ASC 855, Subsequent Events, provides guidance on whether to recognize subsequent events.

Excerpt from ASC 855-10-25-1

An entity shall recognize in the financial statements the effects of all subsequent events that provide additional evidence about conditions that existed at the date of the balance sheet, including the estimates inherent in the process of preparing financial statements.

Excerpt from ASC 855-10-25-3

An entity shall not recognize subsequent events that provide evidence about conditions that did not exist at the date of the balance sheet but arose after the balance sheet date but before financial statements are issued or are available to be issued.

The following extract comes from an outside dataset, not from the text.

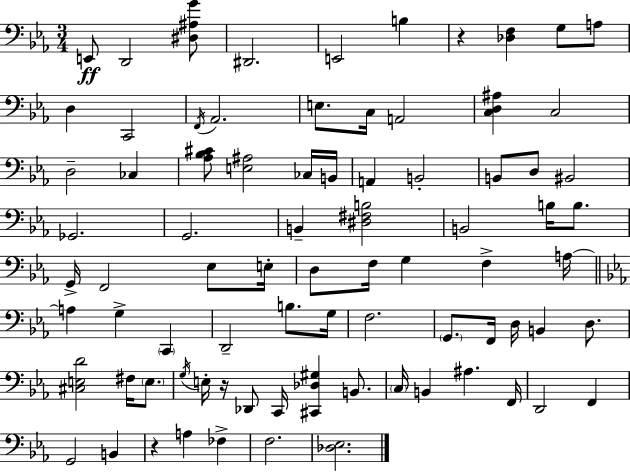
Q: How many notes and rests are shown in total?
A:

As discussed in Question 16-2, we believe reporting entities that prepare financial statements under U.S. GAAP should be able to assert that it is probable funds will be received and that all conditions will be met prior to recognition of a grant. In general, the conditions attaching to a grant (e.g., approval after an audit) are not perfunctory. Therefore, such grants would be recognized in the period in which the recognition criteria are met.
However, the reporting entity should consider disclosure of significant nonrecognized events. Potential loss after initial recognition

Reporting entities should follow the guidance on contingencies in ASC 450, Contingencies, when considering any potential loss after initial recognition. The reporting entity should derecognize any grant (or portion of a grant) if it becomes probable that the grant will have to be repaid.
Similar guidance is included in IAS 20, paragraph 32, which treats any potential repayments as a change in estimate. Amounts that are probable of repayment should be recorded as a reduction of the unamortized deferred credit (or as an increase in the capital asset in the case of an asset grant where the basis has been reduced). If the amount to be repaid is in excess of the remaining unamortized grant balance, the excess should be recorded as a loss in the income statement.

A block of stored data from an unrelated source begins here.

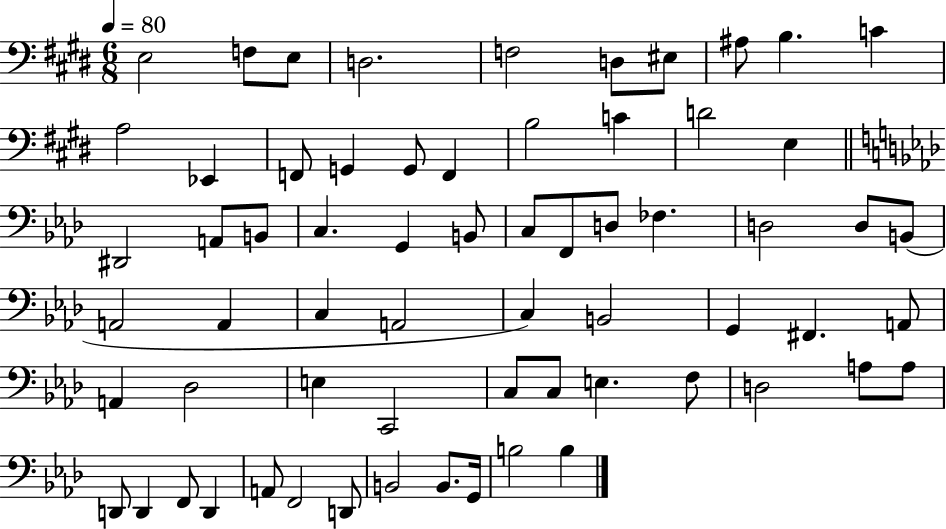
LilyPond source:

{
  \clef bass
  \numericTimeSignature
  \time 6/8
  \key e \major
  \tempo 4 = 80
  e2 f8 e8 | d2. | f2 d8 eis8 | ais8 b4. c'4 | \break a2 ees,4 | f,8 g,4 g,8 f,4 | b2 c'4 | d'2 e4 | \break \bar "||" \break \key aes \major dis,2 a,8 b,8 | c4. g,4 b,8 | c8 f,8 d8 fes4. | d2 d8 b,8( | \break a,2 a,4 | c4 a,2 | c4) b,2 | g,4 fis,4. a,8 | \break a,4 des2 | e4 c,2 | c8 c8 e4. f8 | d2 a8 a8 | \break d,8 d,4 f,8 d,4 | a,8 f,2 d,8 | b,2 b,8. g,16 | b2 b4 | \break \bar "|."
}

16.2.2 Subsequent recognition

Subsequent recognition guidance for government grants is discussed in IAS 20, paragraph 12.

IAS 20, paragraph 12

Government grants shall be recognised in profit or loss on a systematic basis over the periods in which the entity recognises as expenses the related costs for which the grants are intended to compensate.

IAS 20, paragraph 17, provides further guidance on the recognition period for grants related to capital assets.

IAS 20, paragraph 17

In most cases the periods over which an entity recognises the costs or expenses related to a government grant are readily ascertainable. Thus grants in recognition of specific expenses are recognised in profit or loss in the same period as the relevant expenses. Similarly, grants related to depreciable assets are usually recognised in profit or loss over the periods and in the proportions in which depreciation expense on those assets is recognised.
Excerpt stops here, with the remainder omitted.